Ein jeglicher sehe nicht auf das Seine

Phil 2:4
Ein jeglicher sehe nicht auf das Seine, sondern auch auf das, was des andern ist.
Wer es vermag, sich so zu stellen, dass er immer für andere da ist, der hat das ausgelebt, was Vers 4 geschrieben steht. Wir sollen also auf das sehen, was dem Nächsten dient, was ihm Vorteil bringt. - Unser Bruder F. hat mir Stiefel gemacht, die mir, so oft ich sie anziehe, große Freude machen. Ich sehe an der tadellosen Arbeit, wie der liebe Bruder bei jedem Stich und Zug von dem Gedanken geleitet war: Es ist für den Pfarrer; die müssen gut sein!

Auf das sehen, was des andern ist, kann aber nur, wer die Christusgesinnung in sich hat; andern ist das unmöglich.
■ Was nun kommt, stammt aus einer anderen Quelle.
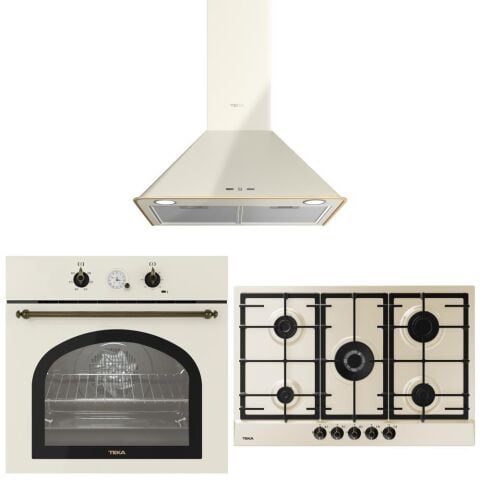 Teka Bej Ankastre Set ( DOS 60.2 Davlumbaz-GSC 75330 RBC VN Ocak-HAK 627 R VN Country Fırın)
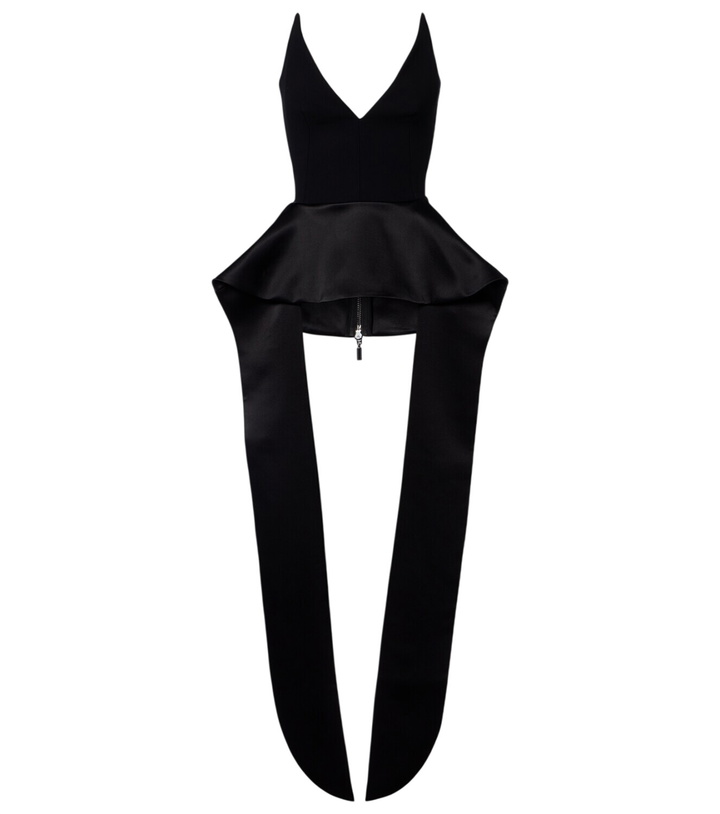Photo: Maticevski Frame peplum satin top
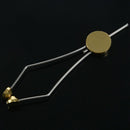Ceramic Lined Tipped Fly Tying Disc Bobbin Holder Brass Cone Head Ceramic TuY5U6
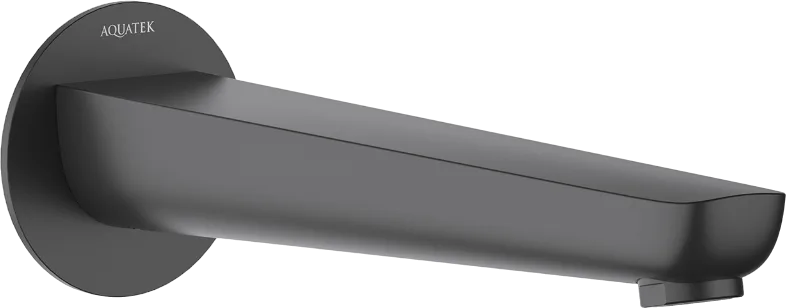 Излив AQUATEK Бетта AQ1141MB для ванны, матовый черный Sancos — официальный сайт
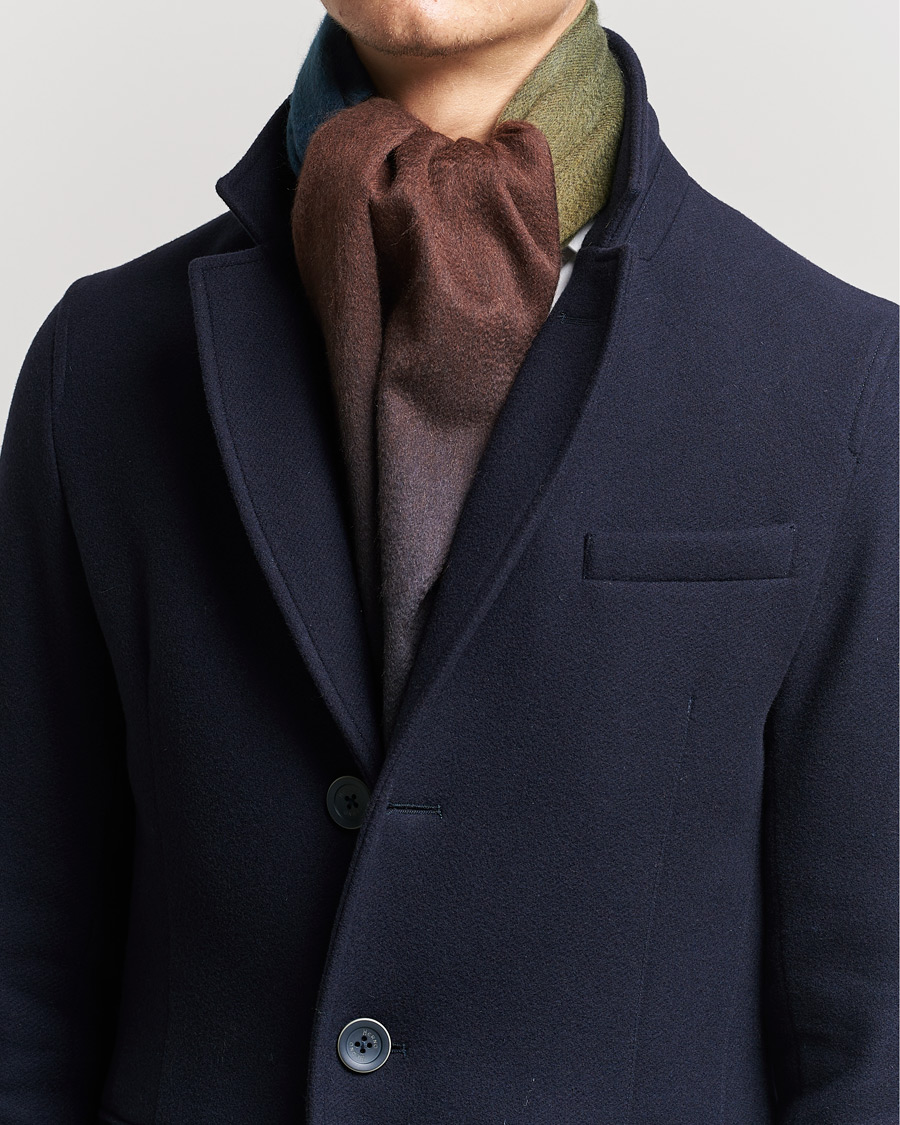 Herre |  | Begg & Co | Nuance Ombre Cashmere Scarf Vermeer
Da sitzen sie zusammen und beraten, wie der sozialen Not abzuhelfen ist, stellen wunderbar schöne Sätze auf von der christlich-sozialen Lösung und werfen diese Sätze den unbußfertigen, ungläubigen Massen hin, Arbeitern wie Arbeitgebern, als ob damit geholfen wäre. Immer mehr nimmt man christliche Ideen auf und will sie einem unbußfertigen Geschlecht anziehen (oder aufpfropfen).